*** Opening of RECORDS SHOWN ***
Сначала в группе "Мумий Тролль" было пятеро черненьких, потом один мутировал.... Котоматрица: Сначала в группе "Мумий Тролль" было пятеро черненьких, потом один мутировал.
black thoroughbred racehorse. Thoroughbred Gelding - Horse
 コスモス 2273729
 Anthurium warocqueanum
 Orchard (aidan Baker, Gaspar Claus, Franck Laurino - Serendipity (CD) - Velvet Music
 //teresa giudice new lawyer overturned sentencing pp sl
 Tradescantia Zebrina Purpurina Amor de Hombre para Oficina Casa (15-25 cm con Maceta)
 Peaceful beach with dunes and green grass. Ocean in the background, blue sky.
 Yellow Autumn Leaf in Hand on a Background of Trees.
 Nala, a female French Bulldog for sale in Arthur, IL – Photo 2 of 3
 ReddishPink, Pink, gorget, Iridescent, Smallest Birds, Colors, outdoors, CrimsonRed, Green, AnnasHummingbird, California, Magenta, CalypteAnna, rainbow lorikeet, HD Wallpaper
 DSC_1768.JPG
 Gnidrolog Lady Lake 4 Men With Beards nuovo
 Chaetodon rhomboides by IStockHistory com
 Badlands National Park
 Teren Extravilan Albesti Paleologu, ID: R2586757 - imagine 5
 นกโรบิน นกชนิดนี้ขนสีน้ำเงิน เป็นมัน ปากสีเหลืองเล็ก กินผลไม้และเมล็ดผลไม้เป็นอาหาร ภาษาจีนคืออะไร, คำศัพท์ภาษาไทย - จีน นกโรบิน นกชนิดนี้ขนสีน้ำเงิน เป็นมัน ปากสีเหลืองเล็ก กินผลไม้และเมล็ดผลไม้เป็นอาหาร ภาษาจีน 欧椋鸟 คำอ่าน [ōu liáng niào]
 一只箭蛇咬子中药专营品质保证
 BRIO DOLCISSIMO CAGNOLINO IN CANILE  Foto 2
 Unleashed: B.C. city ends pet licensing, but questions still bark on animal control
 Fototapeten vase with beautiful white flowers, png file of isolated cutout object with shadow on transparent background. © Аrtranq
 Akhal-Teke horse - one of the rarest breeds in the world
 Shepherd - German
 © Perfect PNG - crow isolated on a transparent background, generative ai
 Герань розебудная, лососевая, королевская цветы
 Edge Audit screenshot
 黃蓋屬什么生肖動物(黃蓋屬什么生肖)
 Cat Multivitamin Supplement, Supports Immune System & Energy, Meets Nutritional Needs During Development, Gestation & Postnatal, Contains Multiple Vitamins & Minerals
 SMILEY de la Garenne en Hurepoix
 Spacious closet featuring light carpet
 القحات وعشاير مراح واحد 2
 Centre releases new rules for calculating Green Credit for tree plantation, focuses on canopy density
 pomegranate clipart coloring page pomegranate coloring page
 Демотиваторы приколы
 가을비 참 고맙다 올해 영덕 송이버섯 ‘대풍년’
*** Close of RECORDS SHOWN ***
WHAT YOU NEED TO DO: Select every line of the material above holding the word "transparent" and copy it.

ANSWER AREA:
 Fototapeten vase with beautiful white flowers, png file of isolated cutout object with shadow on transparent background. © Аrtranq
 © Perfect PNG - crow isolated on a transparent background, generative ai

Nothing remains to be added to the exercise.